High-speed catamaran built by Austal

Express 4 is a 109.00-metre high-speed passenger and vehicle catamaran ferry owned and operated by Molslinjen. Built in 2019 by Austal Australia at its Henderson shipyard, she was ordered to further expand Molslinjen’s Kattegat operations alongside Express 3. Powered by four MAN 20V diesel engines driving Wärtsilä waterjets, she delivers service speeds of 40 knots on the primary domestic link between Aarhus and Sjællands Odde.

==History==
Molslinjen ordered Express 4 in June 2016, at a cost of A$100 million. In April 2017, construction began at Austal's Henderson shipyard with the ceremonial first aluminum cutting. In August 2018, the ship was launched, with fitting out and sea trials scheduled to be completed by the end of the year ahead of entry into service in early 2019.

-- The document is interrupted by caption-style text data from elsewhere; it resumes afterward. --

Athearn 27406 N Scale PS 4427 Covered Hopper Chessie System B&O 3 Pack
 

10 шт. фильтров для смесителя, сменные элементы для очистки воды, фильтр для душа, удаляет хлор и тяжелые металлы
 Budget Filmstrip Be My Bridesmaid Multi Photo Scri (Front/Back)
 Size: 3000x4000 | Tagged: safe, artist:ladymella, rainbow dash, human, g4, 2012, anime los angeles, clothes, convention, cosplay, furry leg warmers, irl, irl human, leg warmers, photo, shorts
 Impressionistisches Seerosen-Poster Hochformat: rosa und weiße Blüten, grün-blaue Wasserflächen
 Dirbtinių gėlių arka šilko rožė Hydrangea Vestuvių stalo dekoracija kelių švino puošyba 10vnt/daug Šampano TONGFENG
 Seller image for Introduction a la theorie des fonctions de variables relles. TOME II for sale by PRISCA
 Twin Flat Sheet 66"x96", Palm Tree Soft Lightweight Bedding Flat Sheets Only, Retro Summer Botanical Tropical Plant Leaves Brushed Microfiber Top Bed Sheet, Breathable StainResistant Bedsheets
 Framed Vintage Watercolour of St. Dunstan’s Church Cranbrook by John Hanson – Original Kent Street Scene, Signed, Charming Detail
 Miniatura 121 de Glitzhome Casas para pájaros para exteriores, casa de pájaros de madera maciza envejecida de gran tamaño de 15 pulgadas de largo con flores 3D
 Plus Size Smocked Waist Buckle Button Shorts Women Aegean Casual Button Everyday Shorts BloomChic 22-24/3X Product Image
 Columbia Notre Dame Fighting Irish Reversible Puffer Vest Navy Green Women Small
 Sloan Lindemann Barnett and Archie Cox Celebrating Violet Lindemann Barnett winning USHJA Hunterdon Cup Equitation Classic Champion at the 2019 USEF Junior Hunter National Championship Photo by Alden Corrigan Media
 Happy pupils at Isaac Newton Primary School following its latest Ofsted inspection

Express 4 left the construction hall on 27 August 2018 and was launched in October. Since being delivered, she has operated between Aarhus and Odden, Denmark.

==Design==
Express 4 measures 109 m long, with a beam of 30.5 m and a draft of 3.4 m. She can carry up to 1,006 passengers and 22 crew, and has two vehicle decks with space for 425 cars and an additional 610 lane metres for freight vehicles. She is powered by four 20-cylinder MAN engines producing 9,100kw at 1,000rpm that drive 4 Wartsila Waterjets via a reduction gearbox, giving her a service speed of 40 kn and a maximum speed of 47.8 kn.